Из дальнейшего Серёгиного рассказа было ясно, что тех денег, которых должно было хватить его "друзьям" на две недели беззаботной жизни заграницей, едва хватило на тот "дивный" вечерок, проведённый ими в окружении "усть-пиздюйских" красоток.

Дальнейшее пребывание Фырикова и Кумаркина за рубежом, состояло из лёгкого, положенного по путёвке, завтрака, в виде яичницы из пол - яйца, кофе и кейка, полного сексуального воздержания и, что самое тяжёлое - из абсолютно сухого закона. - Деньги, за эту незатейливую хохмочку, я им, конечно же, отдал, но это было уже дома, - довольно потёрев руки, закончил свой рассказ Серёга.

Вдоволь, натешив себя воспоминаниями, он привёл меня в свой кабинет, около которого уже были люди, несмотря на то, что рабочий день ещё не начался. Рядом с кабинетом, сидя на стуле, убивалась какая то бабка. Уж, она и причитала и плакала, впадала в забытьё и начинала заново.

- А ну, бабуль, зайди. Расскажи-ка мне, что там у тебя стряслось? - Серёга хотел взять бабку под руку, но она оказалась прыткой и, опередив всех, первой заскочила в кабинет. - Милок, дед мой помер. Его ночью, сегодня, к вам привезли, - и снова заголосила. - Фамилия? - строго спросил Серёга.

- Трошкин. Трошкин Пётр Филипыч.

Серёга достал из вороха бумаг нужную, прочёл её и умозаключил: - Бабуль, судя по документам, Петр Филипыч твой, был человеком глубоко пьющим и, видимо, доставлявшим тебе не мало хлопот. Так, чего же ты так убиваешься и мне, тут - народ пугаешь. Отмучился, твой Филипыч... И всех отмучил. Хоть, на старости лет спокойно поживёшь, - слёзы на бабкиных щеках мгновенно высохли, но она тут же, заглосила пуще прежнего: - Замучил, замучил змей, пропил всё... - но потом, как-то обмякла и тихо так, добавила: - Всё равно жалко...и хоронить надо. - Ну, если надо - похороним, - подожди, бабуль в коридоре. - Следующий, заходите...

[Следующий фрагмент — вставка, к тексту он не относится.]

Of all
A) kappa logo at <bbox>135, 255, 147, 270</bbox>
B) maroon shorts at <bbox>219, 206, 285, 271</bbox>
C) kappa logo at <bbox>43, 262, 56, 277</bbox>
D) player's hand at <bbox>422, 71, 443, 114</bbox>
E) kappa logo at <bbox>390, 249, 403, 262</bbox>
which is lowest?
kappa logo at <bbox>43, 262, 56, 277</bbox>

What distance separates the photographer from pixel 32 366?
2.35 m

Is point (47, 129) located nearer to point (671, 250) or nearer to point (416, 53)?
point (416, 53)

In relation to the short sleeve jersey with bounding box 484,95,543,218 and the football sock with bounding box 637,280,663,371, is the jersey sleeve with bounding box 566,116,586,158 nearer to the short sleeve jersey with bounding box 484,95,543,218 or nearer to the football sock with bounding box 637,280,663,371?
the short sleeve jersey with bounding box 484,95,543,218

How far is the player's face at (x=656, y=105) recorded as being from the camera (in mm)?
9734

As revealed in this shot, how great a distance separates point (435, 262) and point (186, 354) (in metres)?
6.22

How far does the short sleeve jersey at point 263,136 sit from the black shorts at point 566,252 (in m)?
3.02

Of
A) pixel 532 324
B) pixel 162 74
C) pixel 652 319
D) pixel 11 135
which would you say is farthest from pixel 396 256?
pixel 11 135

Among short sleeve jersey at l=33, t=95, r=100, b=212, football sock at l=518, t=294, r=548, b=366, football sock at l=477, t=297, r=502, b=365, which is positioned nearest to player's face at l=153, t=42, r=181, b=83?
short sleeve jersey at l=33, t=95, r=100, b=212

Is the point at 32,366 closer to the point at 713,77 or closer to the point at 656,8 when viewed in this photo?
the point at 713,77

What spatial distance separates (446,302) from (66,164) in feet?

Следующим оказался, пидорковатого вида, распространитель театральных билетов. Серёга сначала не понял, чего тот от него хочет, а потом, "въехав" в тему, тихо спросил: - Ты на кой хуй сюда забрёл? Я тебе сейчас такой концерт покажу, что ты охуеешь! Беги отсюда, пока при памяти (Серёга, вообще не любит "нетрадиционников"). Бабуль, заходи! Вылетев пулей из кабинета, господин распространитель мгновенно растворился в воздухе. - Как твоего деда то будем хоронить, матушка? - осторожно спросил Серёга и приготовился записывать. - Да... как, милок, хоронить... Скромно. Денег-то, не шибко, - почти шёпотом ответила бабуля и тихо зарыдала. - Ни денег, ни детей... Теперь, вот и ни деда... Был сынок единственный, да и тот, из Афганистана, этого грёбаного, в гробу домой воротился... С тех пор - дед-то, и запил "по-чёрному", хотя и сам он - всю "отечественную" отвоевал... и до Берлина дошёл. Он, до сынка-то... почти и не пил - всю жизнь работал, - у Серёги нервно заходили желваки:

- Ну... ладно... ладно... всё... всё... давай паспорт... - А... денег - то, сколько? - спросила бабка, доставая матерчатый узелок. - Ни сколько... За Филипыча, твоего, один олигарх уже заплатил... По полному счёту... - чуть замешкавшись, ответил Серёга, забирая паспорт умершего деда.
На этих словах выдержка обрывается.